McTavish, Platt, Spencer: The Short Vee Bottom, 1967.

Extract
McTavish, Platt, Spencer.
Surfing World
Volume 10 Number 1, December 1967-January 1968, pages 31 to 39.

Introduction.
Alby Falzon's transcript of a conversation on the current state of surfboard design by the leading shapers at Denny Keogh's surfboard factory in Brookvale, circa October-November 1967.

Although the magazine's cover date is 1968, the photographs can fairly accurately dated  as late October-early November 1967.
Generally the lag between composition and publication was at least six weeks, but in this case the previous edition, Volume 9 #6, was dated Nov-Dec 1967.
This would have given the editor two months to prepare the January edition and i
t is possible that it was available on the news stands before the New Year.

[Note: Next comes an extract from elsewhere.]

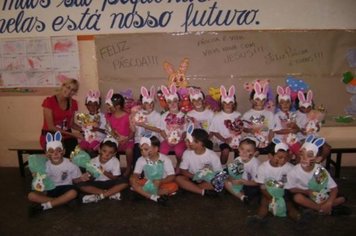 Foto - Páscoa na rede municipal de Educação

While photograghs of Nat Young at Long Reef, probably shot by Bob Evans or Albie Falzon, were also published in this edition, another from this session had been published earlier on 19 November 1967 in the Sunday Telegraph, Bob Evans noting:

"Just last week, 'Nat' took delivery of an 8ft. 8in. vee-bottom, vee-back ver­sion of the new super-board trend, from Gordon Woods."

- Evans, Bob: What happened to Nat Young?
The Sunday Telegraph, Sydney, November 19 1967, page 96 (?).

As it is well recorded that Nat's first short vee-bottom board was built only after seeing the design the Keyo factory, which is consistent with the Falzon photographs and interview being recorded at least several weeks earlier.
Furthermore, he article included one photo of Ted Spencer riding a very short vee Keyo, reported as 5ft 6'', and by the end of November, Ted had jettisoned the wide-tail design and was now riding Little Red, a +8ft pintail.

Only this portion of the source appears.